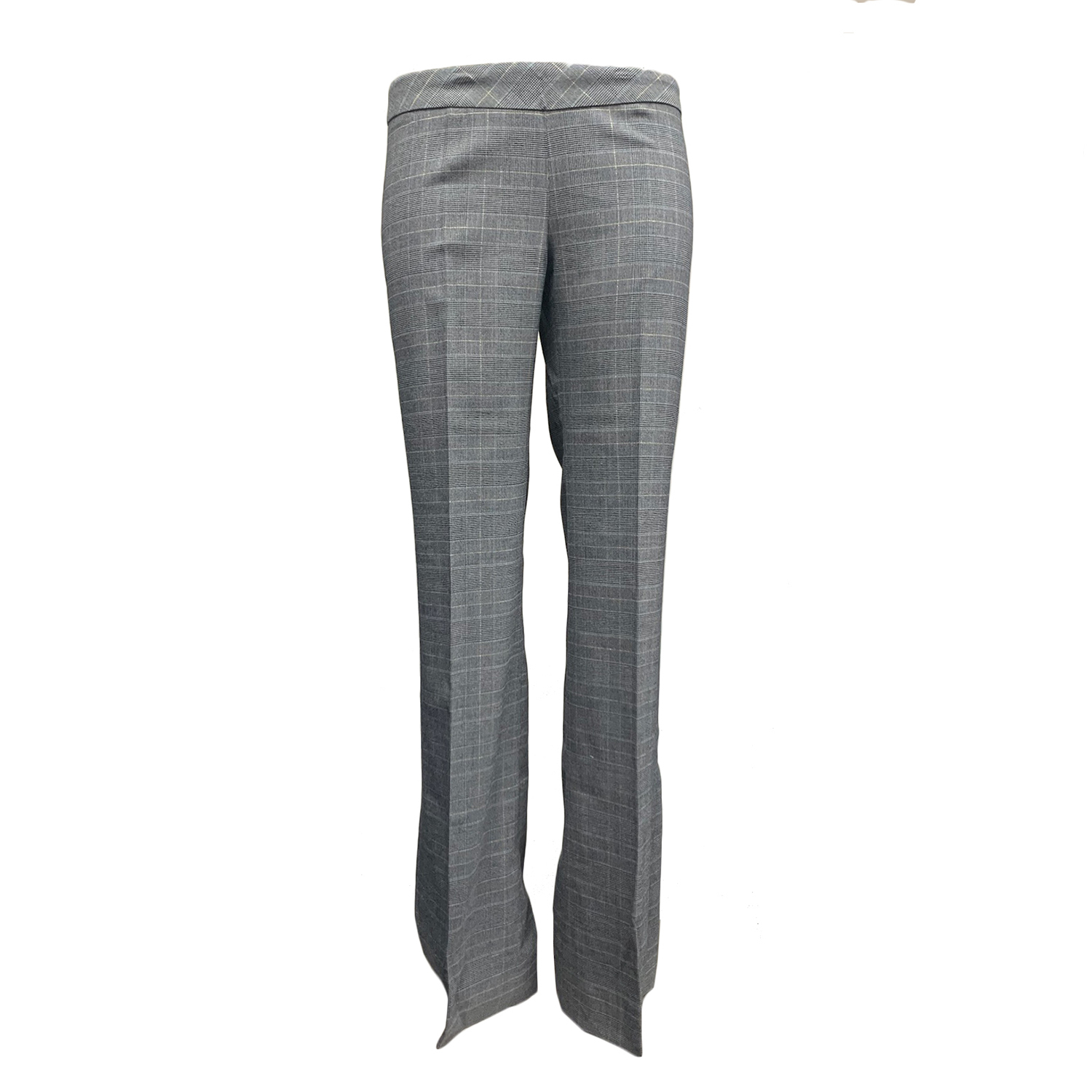 Till The End TTE-2073 Till The End Women's Plaid Pants - Gray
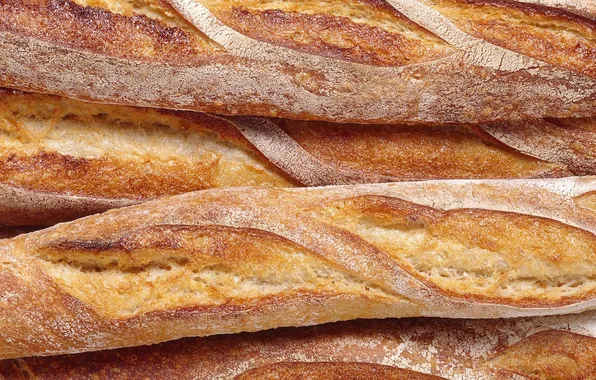 Еда, хлеб, французская булка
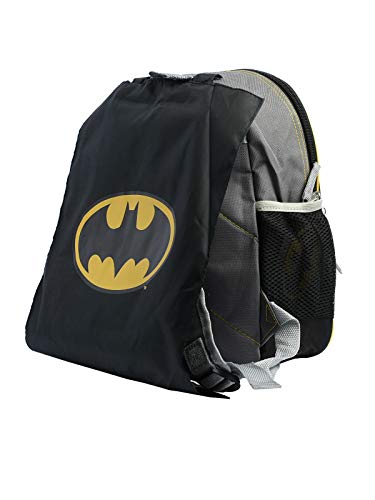 Batman Backpack for Preschool Toddlers ~ Deluxe 12" Batman Mini Backpack for Boys Kids (Batman School Supplies Bundle)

- [How to complete this task] No pictures go in the copy. Output exactly the lines from the line containing "Еда, хлеб, французская булка" through the end of the listing above.

- [Task output]
 Еда, хлеб, французская булка
 Batman Backpack for Preschool Toddlers ~ Deluxe 12" Batman Mini Backpack for Boys Kids (Batman School Supplies Bundle)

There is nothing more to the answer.